Rebalance away from US equities
On Monday, the S&P 500 closed at a year-to-date high of 2,094, up 14.5% from its February 11 low. Now comes the real test of investor confidence. At its current level, the index is just 1.7% below its all-time high, set on May 21 last year. Since then, the market has tried and failed on four occasions to surpass that level, in June and July, and then following the summer’s sell-off, in November and December. With the market apparently poised for yet another attempt, should investors load up in anticipation of a break higher? Or should they take the opportunity to sell out entirely?
Neither. At this stage in the cycle, investors should not be making drastic risk-on or risk-off bets, but should instead maintain balanced portfolios. As the index dipped in January, I recommended that investors Keep Calm And Rebalance Into Equities. Today, the same balanced portfolio approach requires a partial shift out of equities, and into either cash, gold or bonds, all of which are all roughly flat since February.
Why a balanced portfolio now? The answer is based on a framework I introduced late last year to assess where the US economy is in its cycle, the chance of recession, and the relative attractiveness of risk assets. It relies on the simple observation made by Knut Wicksell in 1898 that there is a natural upper limit to the interest rate that entrepreneurs are willing and able to bear—and that rate is the expected, marginal return on invested capital.
If the cost of capital rises above its expected return, entrepreneurs will stop borrowing to make new investments. This will weigh on economic activity (because of less investment and fewer hires), as well as on money supply (the result of less borrowing in a pro-cyclical fractional reserve banking system). In such circumstances, a recession is almost inevitable, and equity markets are likely to reflect the coming slowdown.

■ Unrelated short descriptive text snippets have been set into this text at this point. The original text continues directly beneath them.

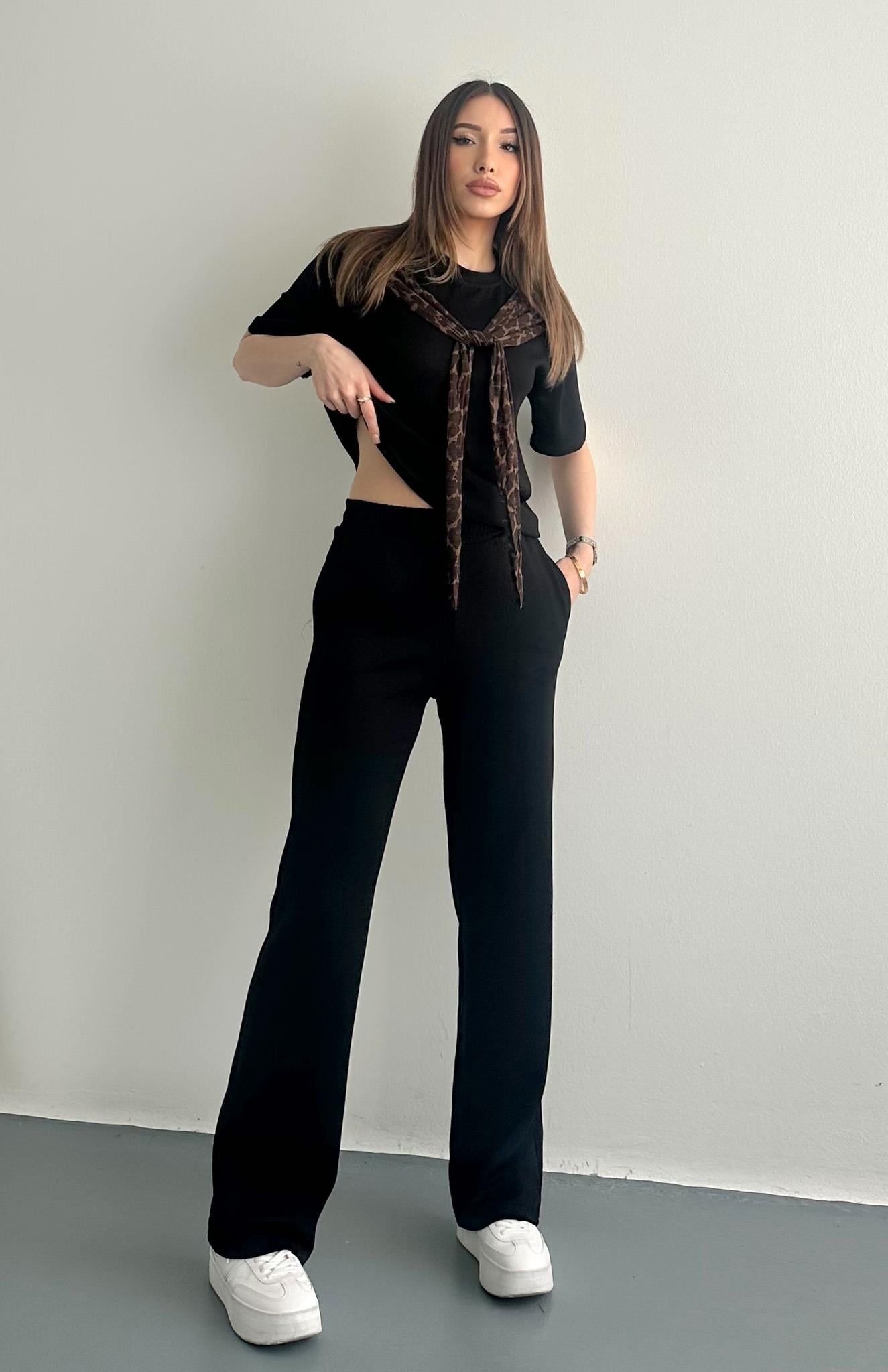 Leopar Detaylı Pantolonlu Takım SİYAH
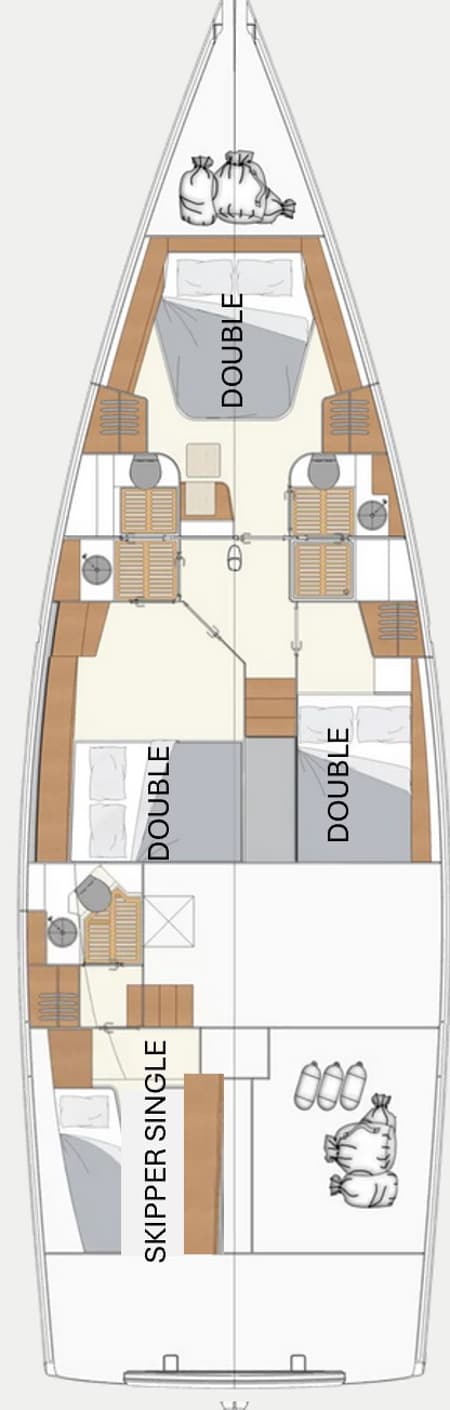 Charter Rental Sailboat Freedom in Greece Layout | Yacht4Less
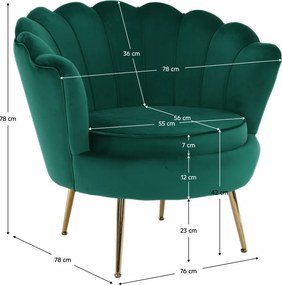 Fotel Art-deco stílusban, smaragd Velvet anyag/gold króm-arany, NOBLIN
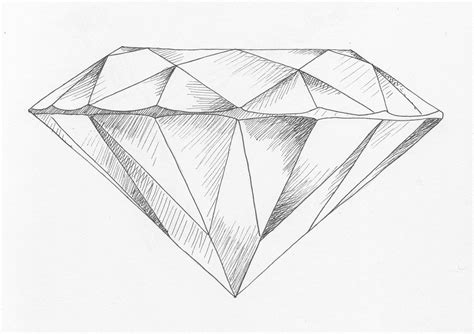 Diamond Life In Pen And Ink Diamond Sketch Diamond Drawing Diamond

Today, the spread between the return on capital and its cost is shrinking, which makes it clear that the US economy is in the second half of the cycle. First quarter data confirmed that The Returns On Capital Are Deteriorating (a trend which is likely to continue for the reasons outlined last December in The State Of The US Economy). Meanwhile, although credit spreads have narrowed from the extremes seen in February, the cost of capital for businesses is now considerably higher than it was 12 months ago. As a result, the spread between the return on capital and its cost continues to shrink—which is characteristic of the latter half of the cycle. However this ROIC-COC spread remains positive, which indicates it is too early to expect recession, or to sell-out of equities altogether.
This way of viewing of the cycle suggests a three stage investment strategy:
1) Recovery phase: go all-in, risk-on! This stage is defined by a positive ROIC-COC differential, with the spread either stable or widening.
2) Late cycle phase: maintain a balanced portfolio. This stage occurs when the ROIC-COC spread starts to narrow, but remains significantly positive—like today. In this environment, equities tend to outperform cash, although cash holdings can be used to reduce portfolio volatility as the cycle matures.
Better yet, investors can hedge with gold or long bonds. Since the early 1980s, the persistent decline of inflation and bond yields has made long bonds the better choice (as Charles has shown). This long term trend may hold for a while longer, but at current levels the risk-reward proposition for betting on a continuation is poor. If inflation rebounds and bonds sell off, gold will be a better hedge than bonds, as it was in the 1970s.
3) Recession phase: get out! When the cost
capital exceeds returns, get out. Go all into cash, safe bonds or gold. But not yet.